■ DATA SHOWN ■

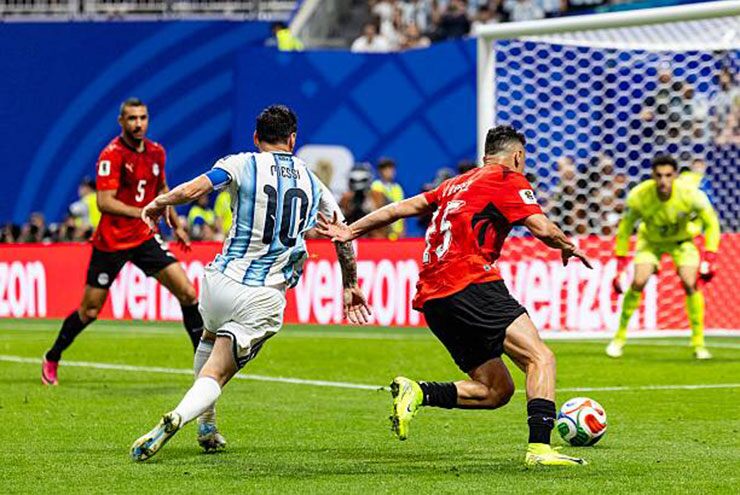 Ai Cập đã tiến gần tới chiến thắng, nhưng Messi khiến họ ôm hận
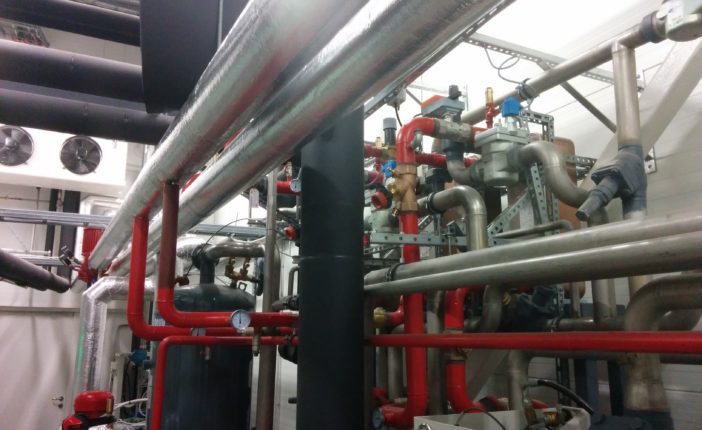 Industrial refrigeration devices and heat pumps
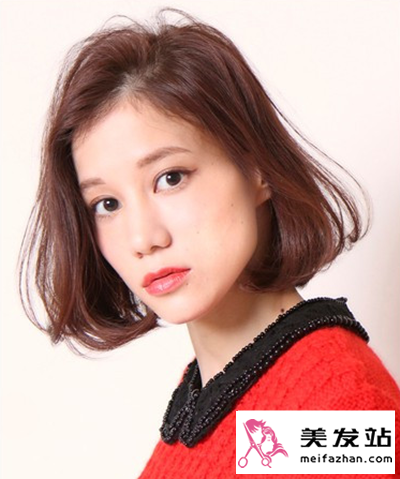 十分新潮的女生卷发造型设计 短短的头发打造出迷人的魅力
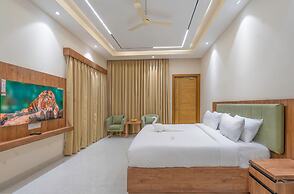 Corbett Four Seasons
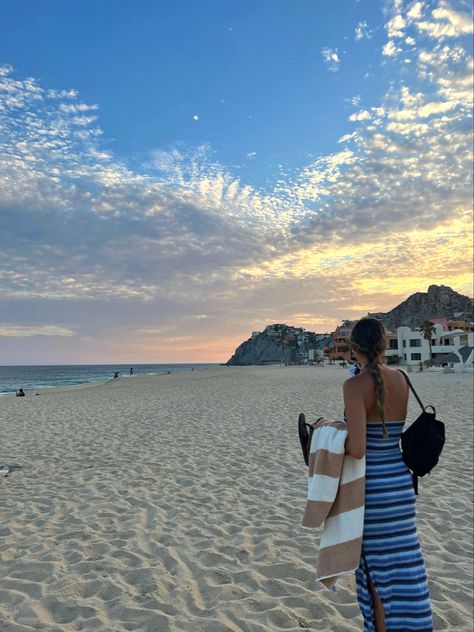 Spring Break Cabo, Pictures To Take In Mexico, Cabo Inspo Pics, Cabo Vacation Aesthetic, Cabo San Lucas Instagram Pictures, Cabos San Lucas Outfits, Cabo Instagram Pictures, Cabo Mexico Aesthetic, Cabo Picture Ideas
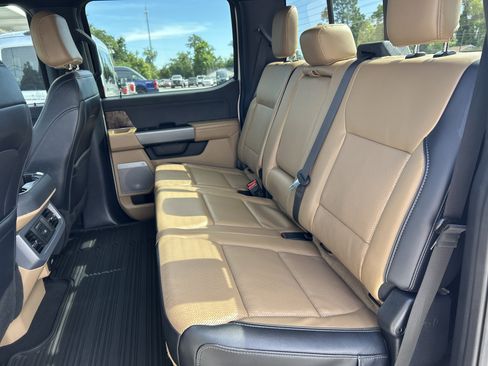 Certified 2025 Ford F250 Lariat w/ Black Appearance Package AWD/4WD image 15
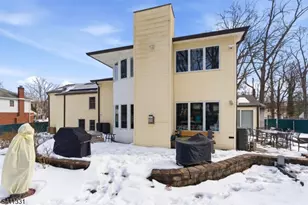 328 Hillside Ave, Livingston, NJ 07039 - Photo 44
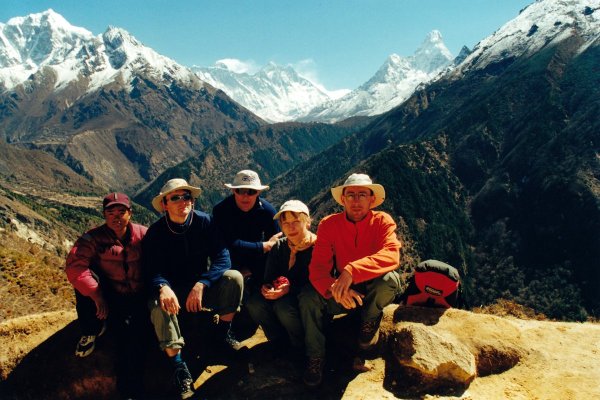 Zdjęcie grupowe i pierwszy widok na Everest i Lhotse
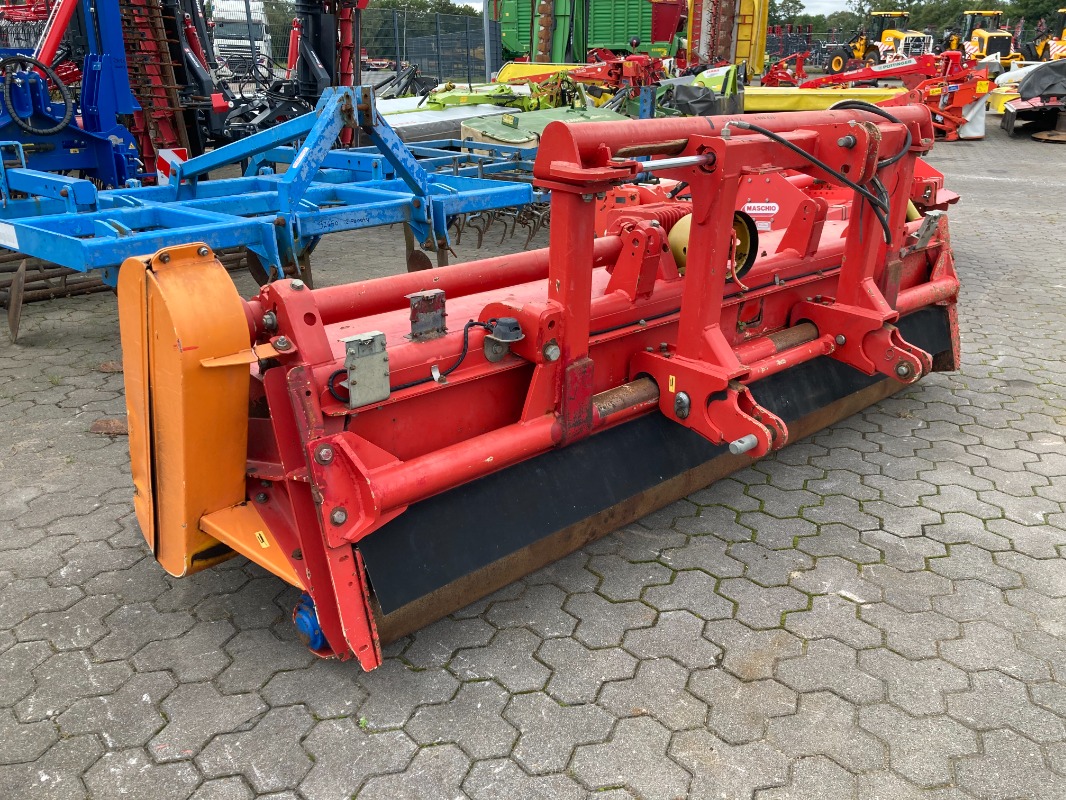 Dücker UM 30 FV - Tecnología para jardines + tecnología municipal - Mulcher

--

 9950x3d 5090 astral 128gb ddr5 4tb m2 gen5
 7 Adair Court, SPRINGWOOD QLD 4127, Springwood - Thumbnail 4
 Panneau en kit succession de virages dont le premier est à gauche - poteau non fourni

■ ABOUT THIS TASK ■
Those lines of the records above that run from the one containing "Certified 2025 Ford" through the one containing "Dücker UM 30" should be returned exactly, with no pictures among them.

■ EXERCISE ANSWER ■
 Certified 2025 Ford F250 Lariat w/ Black Appearance Package AWD/4WD image 15
 328 Hillside Ave, Livingston, NJ 07039 - Photo 44
 Zdjęcie grupowe i pierwszy widok na Everest i Lhotse
 Dücker UM 30 FV - Tecnología para jardines + tecnología municipal - Mulcher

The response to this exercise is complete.